Begin the copy at the line containing "Glenelg - Marina" in the data below and end it at the line containing "Magical Story Collection", keeping each line exact and leaving out pictures.
DATA FOR REVIEW below:
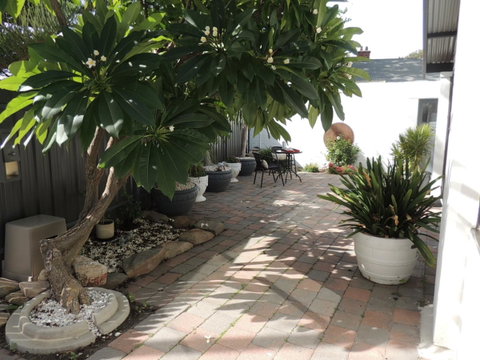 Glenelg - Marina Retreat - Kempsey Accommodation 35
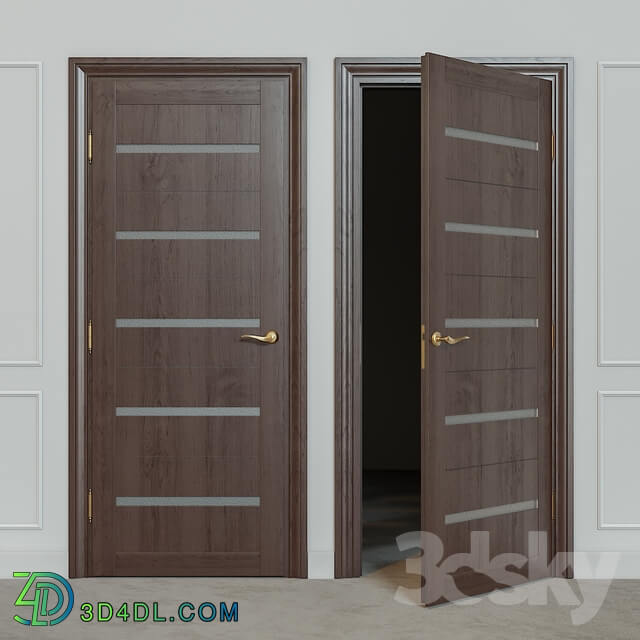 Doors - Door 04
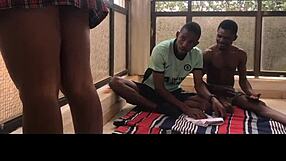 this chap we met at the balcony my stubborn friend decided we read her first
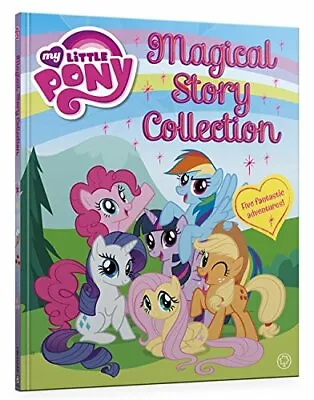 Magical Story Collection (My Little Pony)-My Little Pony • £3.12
End of DATA FOR REVIEW.
DATA FOR REVIEW below:
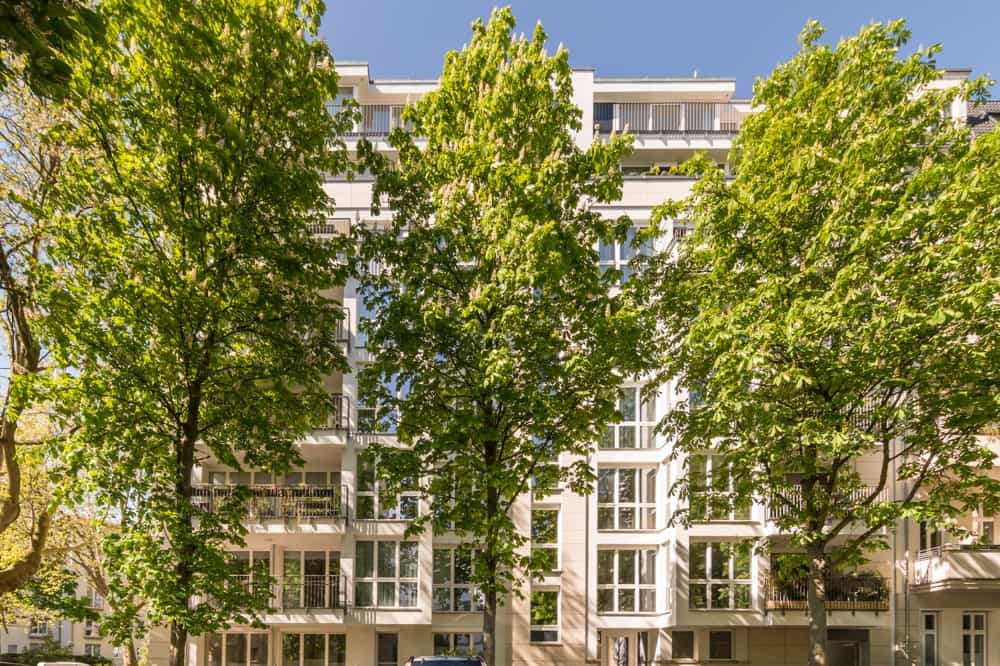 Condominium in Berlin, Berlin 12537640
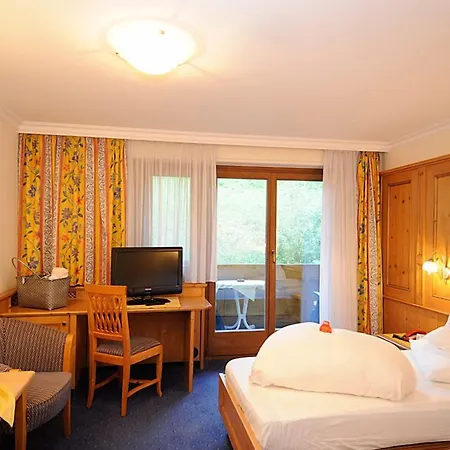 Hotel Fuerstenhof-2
End of DATA FOR REVIEW.
PROBLEM SOLUTION:
 Glenelg - Marina Retreat - Kempsey Accommodation 35
 Doors - Door 04
 this chap we met at the balcony my stubborn friend decided we read her first
 Magical Story Collection (My Little Pony)-My Little Pony • £3.12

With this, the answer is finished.